§ **What to work on**: Only one portion of the data is to be written out: from the line bearing "Jasnoniebieski damski t-shirt z bawełny" through the line bearing "Mini mousseur à". Write it exactly as it appears.

§ **Data records**:
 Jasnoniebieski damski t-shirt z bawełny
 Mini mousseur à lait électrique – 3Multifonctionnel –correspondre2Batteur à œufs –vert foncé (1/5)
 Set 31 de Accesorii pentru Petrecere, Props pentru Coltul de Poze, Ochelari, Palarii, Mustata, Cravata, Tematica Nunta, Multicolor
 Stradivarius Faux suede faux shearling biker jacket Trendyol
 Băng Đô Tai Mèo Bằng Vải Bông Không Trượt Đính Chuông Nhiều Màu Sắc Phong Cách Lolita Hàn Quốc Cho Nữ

---

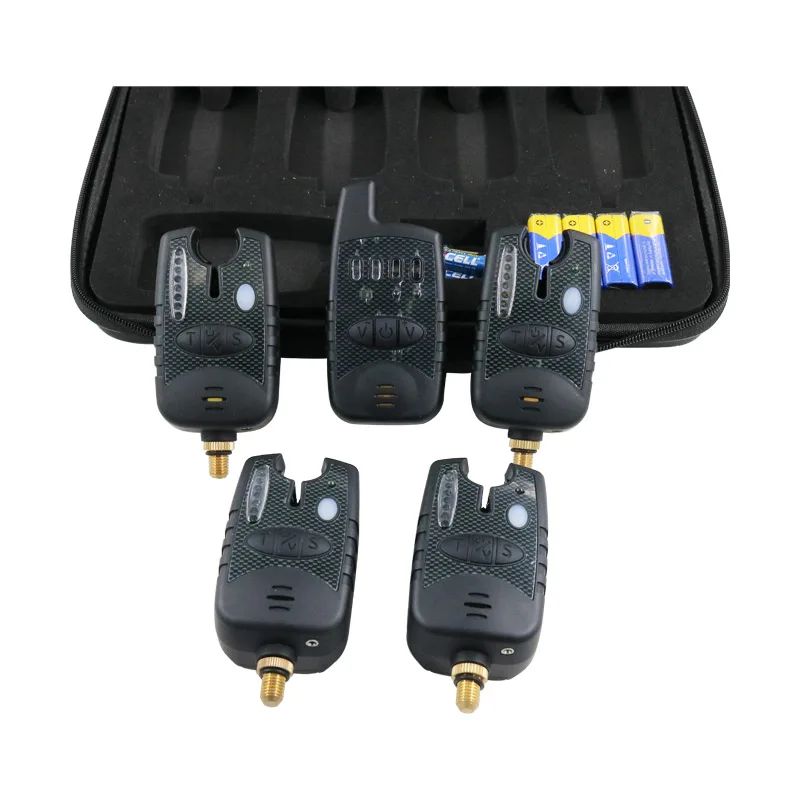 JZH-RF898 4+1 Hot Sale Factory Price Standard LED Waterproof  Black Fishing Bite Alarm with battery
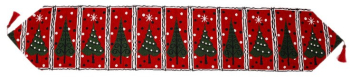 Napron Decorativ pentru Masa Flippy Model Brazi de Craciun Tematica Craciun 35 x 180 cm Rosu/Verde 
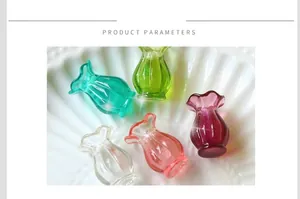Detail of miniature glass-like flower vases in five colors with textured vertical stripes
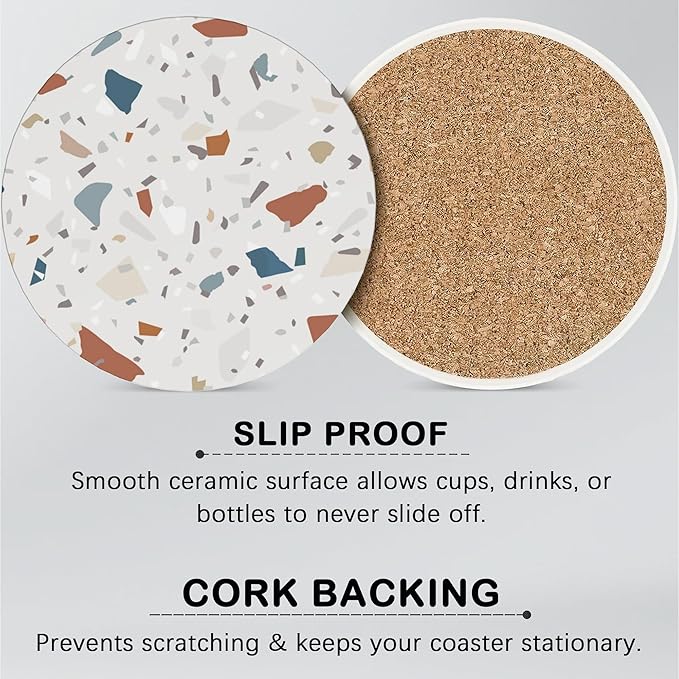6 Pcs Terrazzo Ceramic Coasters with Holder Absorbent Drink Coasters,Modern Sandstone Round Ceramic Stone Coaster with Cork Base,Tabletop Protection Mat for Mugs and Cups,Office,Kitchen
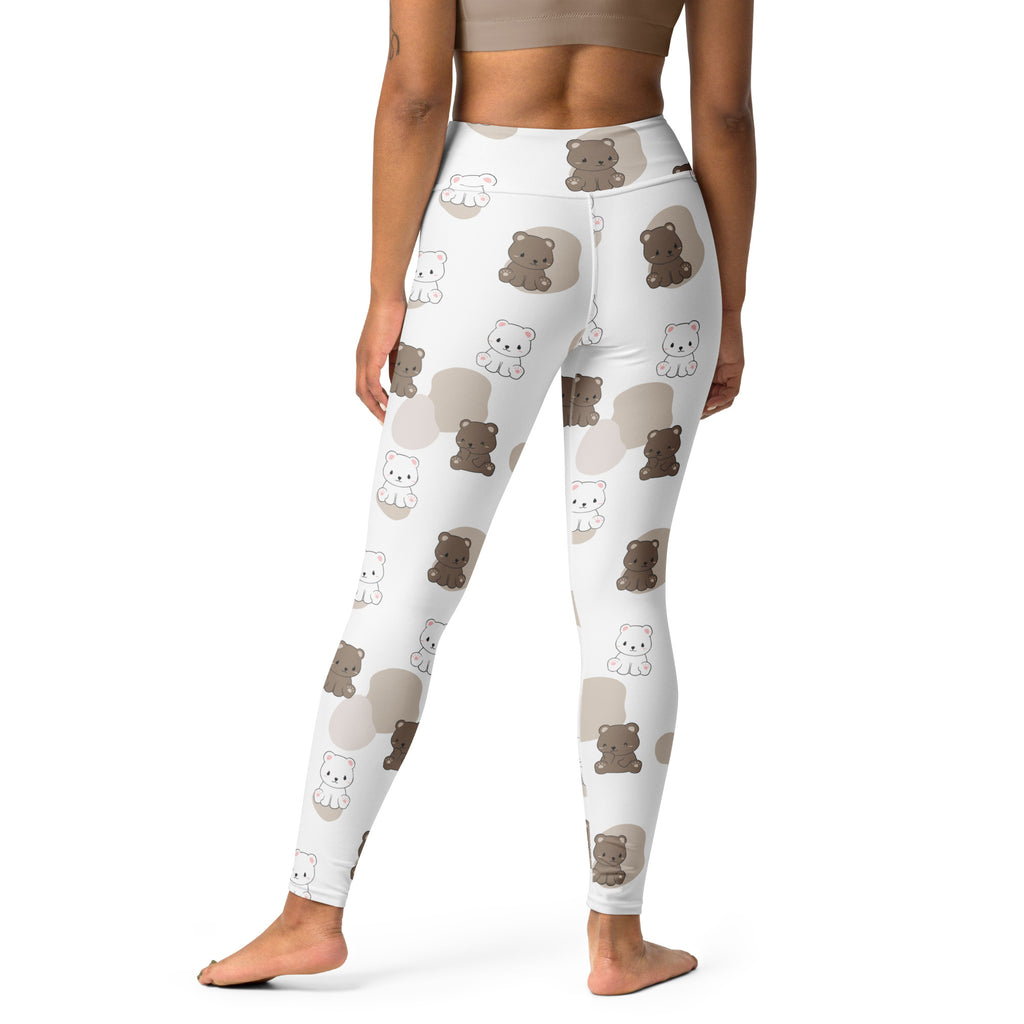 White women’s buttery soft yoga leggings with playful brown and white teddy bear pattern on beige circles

--

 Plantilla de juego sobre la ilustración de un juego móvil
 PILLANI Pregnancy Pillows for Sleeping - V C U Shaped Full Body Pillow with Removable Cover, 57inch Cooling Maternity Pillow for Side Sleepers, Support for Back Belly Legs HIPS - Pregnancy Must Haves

§ **Answer to this problem**:
 Jasnoniebieski damski t-shirt z bawełny
 Mini mousseur à lait électrique – 3Multifonctionnel –correspondre2Batteur à œufs –vert foncé (1/5)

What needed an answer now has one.